(Image-text web data)
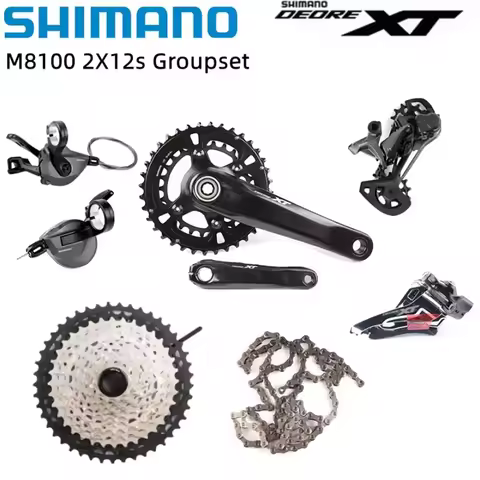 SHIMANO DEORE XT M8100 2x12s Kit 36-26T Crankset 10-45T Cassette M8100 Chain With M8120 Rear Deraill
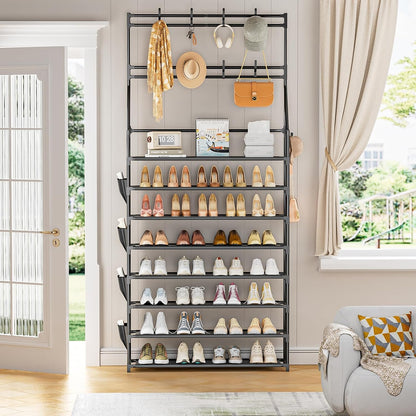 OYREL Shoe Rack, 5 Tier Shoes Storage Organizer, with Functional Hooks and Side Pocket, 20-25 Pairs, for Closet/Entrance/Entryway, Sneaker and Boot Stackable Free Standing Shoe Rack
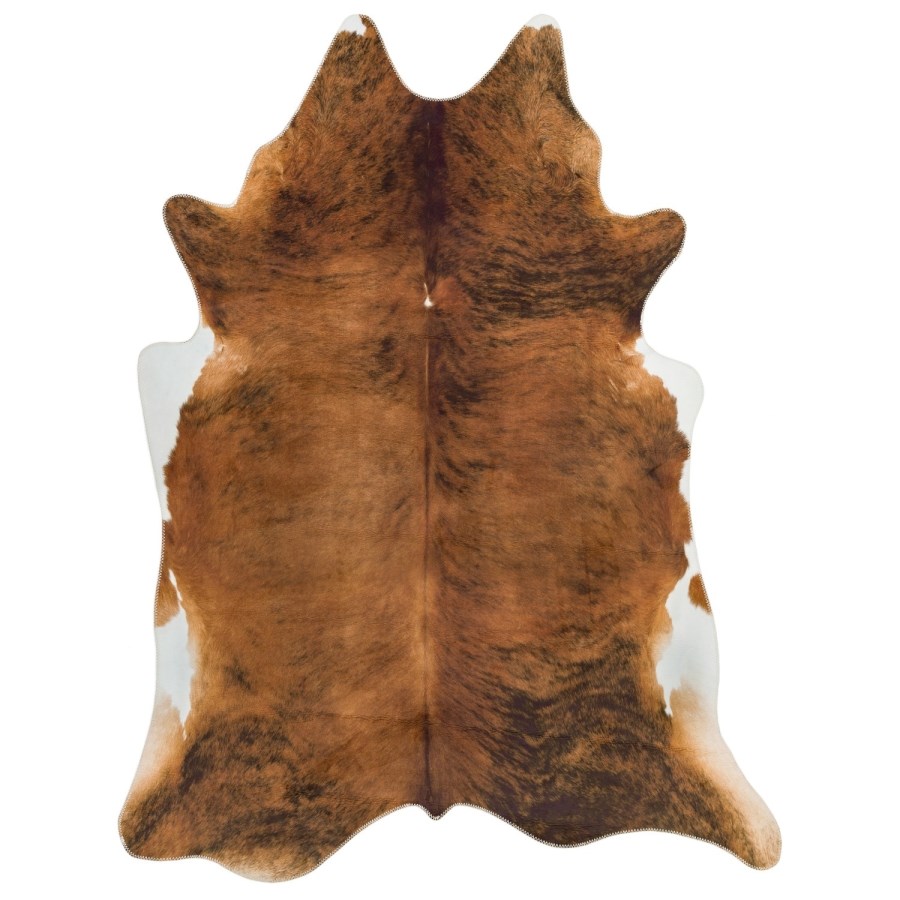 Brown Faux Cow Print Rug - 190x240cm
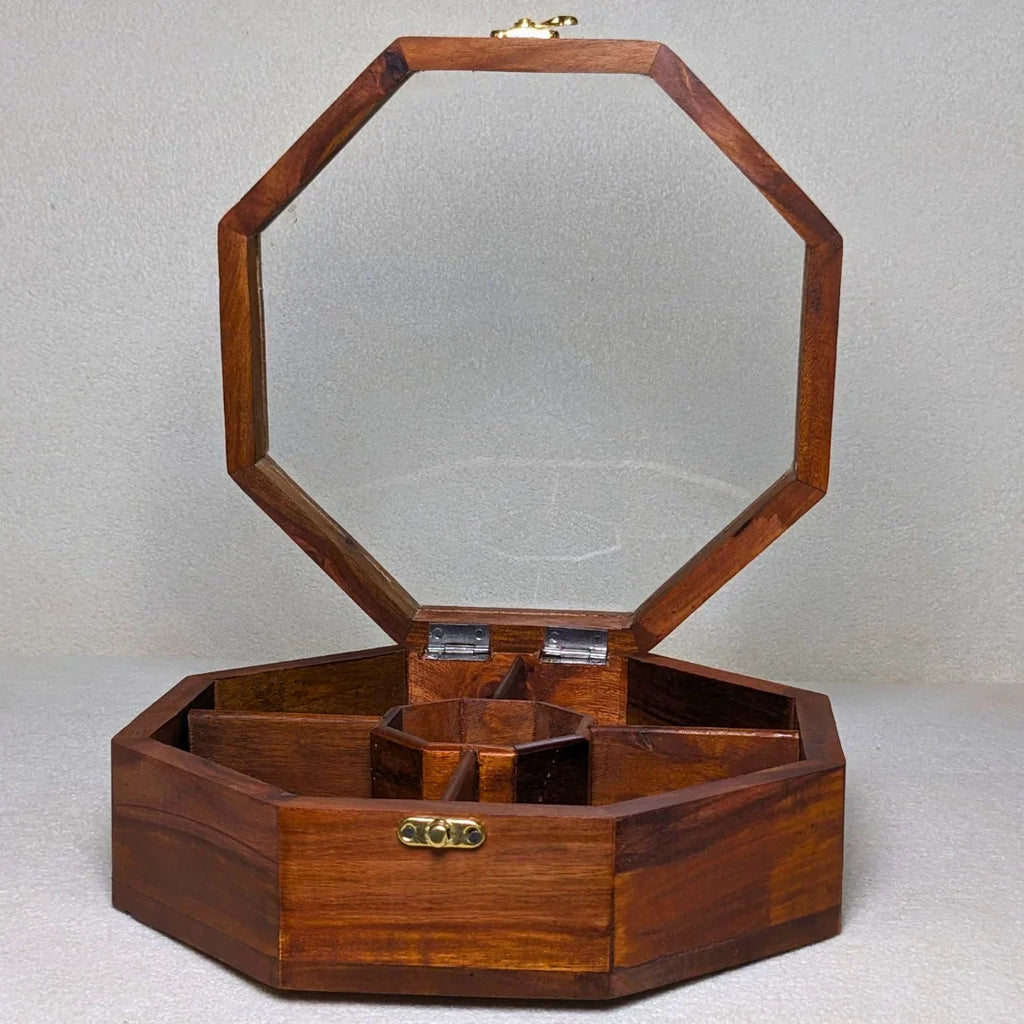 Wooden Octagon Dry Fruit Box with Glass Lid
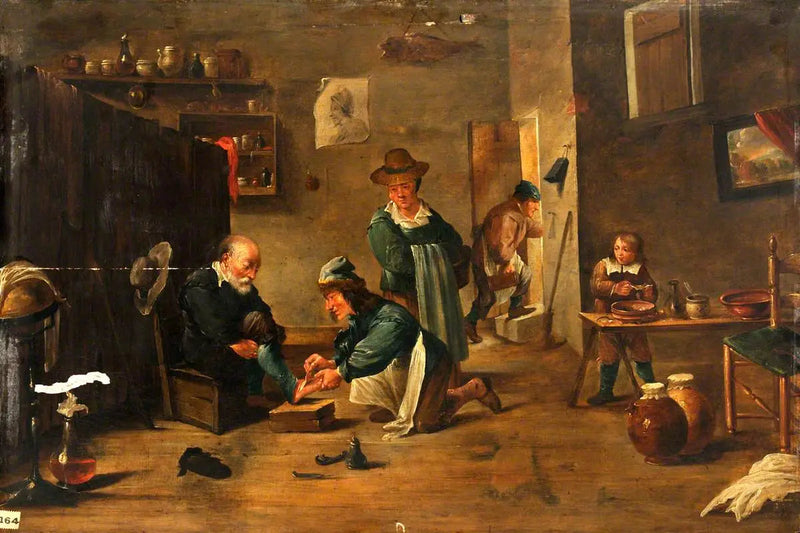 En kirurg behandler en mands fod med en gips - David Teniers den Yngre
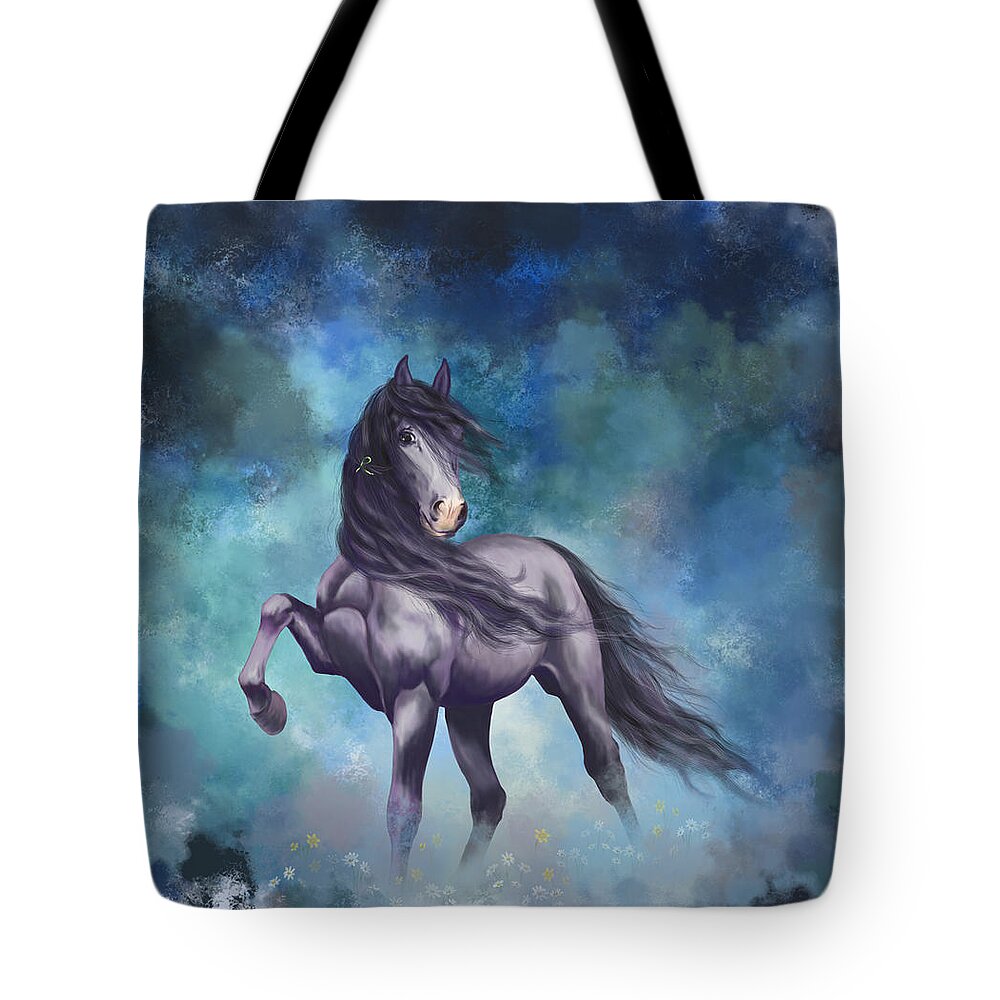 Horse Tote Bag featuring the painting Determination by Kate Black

> ACTIVITY
Retype the lines exactly as they appear, beginning with the line that contains "Wooden Octagon Dry Fruit Box with Glass Lid" and ending with the final line of the entries, and omit the pictures.

> WRITTEN SOLUTION
 Wooden Octagon Dry Fruit Box with Glass Lid
 En kirurg behandler en mands fod med en gips - David Teniers den Yngre
 Horse Tote Bag featuring the painting Determination by Kate Black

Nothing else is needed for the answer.